What is the number of lines in the data below that hold the word "from"? Give nothing beyond that number.

BEGIN Data records

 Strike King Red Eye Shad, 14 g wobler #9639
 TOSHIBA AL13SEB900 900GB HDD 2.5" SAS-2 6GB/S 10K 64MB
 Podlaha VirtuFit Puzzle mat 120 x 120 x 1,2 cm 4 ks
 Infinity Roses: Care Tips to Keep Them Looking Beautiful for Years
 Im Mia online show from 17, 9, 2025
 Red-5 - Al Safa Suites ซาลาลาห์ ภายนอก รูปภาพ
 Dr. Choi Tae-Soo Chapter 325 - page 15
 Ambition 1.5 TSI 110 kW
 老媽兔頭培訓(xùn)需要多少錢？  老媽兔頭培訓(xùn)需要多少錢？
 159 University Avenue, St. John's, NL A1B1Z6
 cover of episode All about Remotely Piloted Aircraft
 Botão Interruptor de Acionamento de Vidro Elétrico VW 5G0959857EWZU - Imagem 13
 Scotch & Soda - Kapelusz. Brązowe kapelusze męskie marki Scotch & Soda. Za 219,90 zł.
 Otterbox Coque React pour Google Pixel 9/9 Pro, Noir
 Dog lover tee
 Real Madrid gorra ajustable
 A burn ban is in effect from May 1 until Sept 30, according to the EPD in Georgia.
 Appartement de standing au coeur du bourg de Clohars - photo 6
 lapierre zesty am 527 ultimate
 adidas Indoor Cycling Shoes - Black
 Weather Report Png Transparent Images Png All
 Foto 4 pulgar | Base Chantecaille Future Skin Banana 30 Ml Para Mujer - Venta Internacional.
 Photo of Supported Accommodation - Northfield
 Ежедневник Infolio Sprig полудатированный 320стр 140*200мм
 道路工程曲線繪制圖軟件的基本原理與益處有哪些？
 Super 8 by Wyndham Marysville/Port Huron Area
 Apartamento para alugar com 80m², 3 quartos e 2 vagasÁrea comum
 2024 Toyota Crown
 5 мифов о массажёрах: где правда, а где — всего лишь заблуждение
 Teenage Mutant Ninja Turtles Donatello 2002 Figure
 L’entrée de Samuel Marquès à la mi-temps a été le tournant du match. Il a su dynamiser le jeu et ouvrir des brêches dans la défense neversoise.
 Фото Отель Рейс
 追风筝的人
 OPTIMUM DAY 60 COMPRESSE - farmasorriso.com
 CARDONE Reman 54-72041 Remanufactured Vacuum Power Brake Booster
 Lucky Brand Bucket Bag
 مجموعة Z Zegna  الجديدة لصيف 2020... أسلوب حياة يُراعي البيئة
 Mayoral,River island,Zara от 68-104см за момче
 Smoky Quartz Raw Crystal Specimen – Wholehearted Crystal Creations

END Data records

Result of this exercise >>
2